How Do You Find the Point Where a Tangent Equals a Secant Slope?

[eleventhxhour]

Given the function f(x) = 3x / (x - 2), determine the coordinates of a point on f(x) for 3 < x < 6 where the slope of the tangent line is equal to the slope of the secant line passing through A(3, 9) and B(6, 9/2).

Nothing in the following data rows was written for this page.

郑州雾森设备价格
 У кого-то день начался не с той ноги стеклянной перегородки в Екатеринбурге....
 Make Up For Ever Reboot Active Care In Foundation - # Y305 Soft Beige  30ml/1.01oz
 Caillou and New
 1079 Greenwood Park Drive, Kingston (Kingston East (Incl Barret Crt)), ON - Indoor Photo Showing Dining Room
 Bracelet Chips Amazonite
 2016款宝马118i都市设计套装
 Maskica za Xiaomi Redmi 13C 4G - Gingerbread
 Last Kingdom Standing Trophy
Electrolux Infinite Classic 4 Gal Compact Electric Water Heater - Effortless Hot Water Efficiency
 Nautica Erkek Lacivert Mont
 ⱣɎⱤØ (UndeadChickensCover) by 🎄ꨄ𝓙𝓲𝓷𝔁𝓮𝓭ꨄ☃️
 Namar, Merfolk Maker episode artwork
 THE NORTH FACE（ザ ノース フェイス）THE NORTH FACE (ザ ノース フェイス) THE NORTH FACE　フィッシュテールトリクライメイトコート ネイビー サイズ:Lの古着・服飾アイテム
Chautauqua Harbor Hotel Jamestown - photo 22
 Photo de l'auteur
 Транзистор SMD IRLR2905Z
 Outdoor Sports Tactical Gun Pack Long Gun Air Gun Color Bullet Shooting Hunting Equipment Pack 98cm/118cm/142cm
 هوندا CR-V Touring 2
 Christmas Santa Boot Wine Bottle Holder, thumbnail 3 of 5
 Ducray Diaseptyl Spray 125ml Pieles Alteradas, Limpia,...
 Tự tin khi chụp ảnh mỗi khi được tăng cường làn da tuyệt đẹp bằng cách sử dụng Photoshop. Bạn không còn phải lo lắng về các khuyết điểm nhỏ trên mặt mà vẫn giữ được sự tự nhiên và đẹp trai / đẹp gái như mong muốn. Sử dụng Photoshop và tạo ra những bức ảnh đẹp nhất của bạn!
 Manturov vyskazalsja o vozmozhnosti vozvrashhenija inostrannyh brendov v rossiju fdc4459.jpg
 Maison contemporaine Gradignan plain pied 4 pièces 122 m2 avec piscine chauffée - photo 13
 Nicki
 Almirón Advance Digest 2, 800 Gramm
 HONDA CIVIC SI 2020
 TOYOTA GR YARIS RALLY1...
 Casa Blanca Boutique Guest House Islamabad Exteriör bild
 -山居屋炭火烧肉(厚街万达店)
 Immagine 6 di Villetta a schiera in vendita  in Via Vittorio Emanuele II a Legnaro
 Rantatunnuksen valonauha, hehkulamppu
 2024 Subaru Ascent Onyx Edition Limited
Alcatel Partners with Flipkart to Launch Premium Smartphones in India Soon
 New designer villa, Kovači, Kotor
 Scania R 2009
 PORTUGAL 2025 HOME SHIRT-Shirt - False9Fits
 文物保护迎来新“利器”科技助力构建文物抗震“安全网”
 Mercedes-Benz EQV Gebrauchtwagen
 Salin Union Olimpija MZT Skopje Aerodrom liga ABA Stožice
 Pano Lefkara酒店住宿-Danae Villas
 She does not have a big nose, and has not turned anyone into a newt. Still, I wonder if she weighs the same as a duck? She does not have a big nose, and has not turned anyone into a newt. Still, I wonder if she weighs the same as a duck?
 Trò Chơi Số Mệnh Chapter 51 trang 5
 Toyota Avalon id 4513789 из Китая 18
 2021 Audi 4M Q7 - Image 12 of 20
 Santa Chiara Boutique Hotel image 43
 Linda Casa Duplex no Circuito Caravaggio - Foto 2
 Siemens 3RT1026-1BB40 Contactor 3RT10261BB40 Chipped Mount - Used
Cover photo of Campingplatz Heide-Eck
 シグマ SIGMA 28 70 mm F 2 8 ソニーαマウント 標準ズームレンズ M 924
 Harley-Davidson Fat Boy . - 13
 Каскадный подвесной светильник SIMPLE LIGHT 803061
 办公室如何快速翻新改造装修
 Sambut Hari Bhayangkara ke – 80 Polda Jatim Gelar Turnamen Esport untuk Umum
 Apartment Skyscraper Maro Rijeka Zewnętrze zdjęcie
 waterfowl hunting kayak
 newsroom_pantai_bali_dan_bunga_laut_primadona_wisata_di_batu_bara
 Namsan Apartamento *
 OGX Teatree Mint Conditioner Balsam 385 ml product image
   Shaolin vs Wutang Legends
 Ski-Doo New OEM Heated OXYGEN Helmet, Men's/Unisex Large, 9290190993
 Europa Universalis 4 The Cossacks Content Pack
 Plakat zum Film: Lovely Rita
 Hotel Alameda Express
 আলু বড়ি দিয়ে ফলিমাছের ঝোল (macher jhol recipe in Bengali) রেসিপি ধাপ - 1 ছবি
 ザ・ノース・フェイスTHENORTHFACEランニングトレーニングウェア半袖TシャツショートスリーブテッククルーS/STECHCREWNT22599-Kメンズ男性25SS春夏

So I found that the slope of the secant line is -1.5 (therefore slope of tangent is also -1.5) and then I'm not sure what to do next. I draw a graph of the function, and got that the answer should be around 3.2-3.5 for the x-coordinate but the answer in the book has it as (4, 6). How would you find this exact answer (algebraically)?

Thanks

 

[MarkFL]

Since you posted this in the Pre-Calculus forum, I would suggest looking at the difference quotient of the given function, and take the limit as $h\to0$. THis will give you the slope as a function of $x$, and would in fact be the derivative with respect to $x$.

So, begin with:

\(\displaystyle f'(x)\equiv\lim_{h\to0}\frac{f(x+h)-f(x)}{h}\)

Now, use the given function $f$, plug into the formula above, and then simplify the expression algebraically and the let $h\to0$. Then equate the resulting derivative, or $f'(x)$, to the secant slope of \(\displaystyle -\frac{3}{2}\), and solve for $x$. You will get a quadratic in $x$, where only one root is in the given interval.